About CDAE 1040 A
Provides an introduction to gender, race, class, and ethnicity with particular emphasis on food, population, economic, and ecological issues in sustainable agriculture, food systems, and community development. The geographical focus emphasizes the United States.
Notes
Open to Degree and PACE students
Section Description
Course Overview Every time we purchase and consume food, we are making decisions—whether we acknowledge it or not—about how we participate in food systems. How we participate in food systems is largely and often invisibly informed by how these systems are currently structured and their emphasis on “consumer choice” and corporate profits. In turn, this participation affects the lives of those who are employed in and often reliant upon the business of the production, processing, and distribution of our food. The lives of those who grow our vegetables, pick our fruit, and process our meat are directly impacted by the policy and practice of our food systems. Where this food goes, who it is marketed to and who is able to purchase and consume it is also determined by these same systems. Our participation embeds and implicates us in the policy orientations and social inequities that shape and define these systems. The decisions we make and the available options from which we choose are not natural phenomena but rather the product of the society we live in. This includes our cultural and political paradigms in our understanding of the world, the social rules by which we learn to live, the laws we write, the policies we pass, and the legacies of our national history.
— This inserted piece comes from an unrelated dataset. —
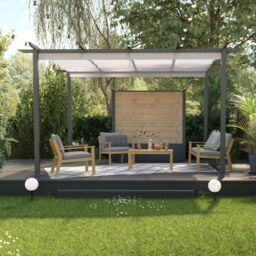 Blooma Gazebo Tent 61Kg - thumbnail 3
Structural racism and injustice are defining attributes of our society and so are inherently embedded within our food systems. As a D1 course, the content of CDAE 1040 describes how and why structural racism shapes the US food system and the ways that this system contributes to (or, in some cases, seeks to address) structural racism and inequity. In particular, we will look at the impacts of racism and racialized violence on the US food system through historical events and their legacies, social and cultural norms, and legal and political institutions. Social issues are inextricably linked to food and how we interact with food systems in the United States. As an S1 course, CDAE 1040 uses a social science lens to explore how individuals, groups, and institutions affect and interact with each other. Through systematic investigation, we will generate explanatory frameworks for understanding human behavior, action, and social practices. We will examine past and present social problems; think critically about individual, local, regional, and global contexts; and learn how social scientists strive to improve societal well-being.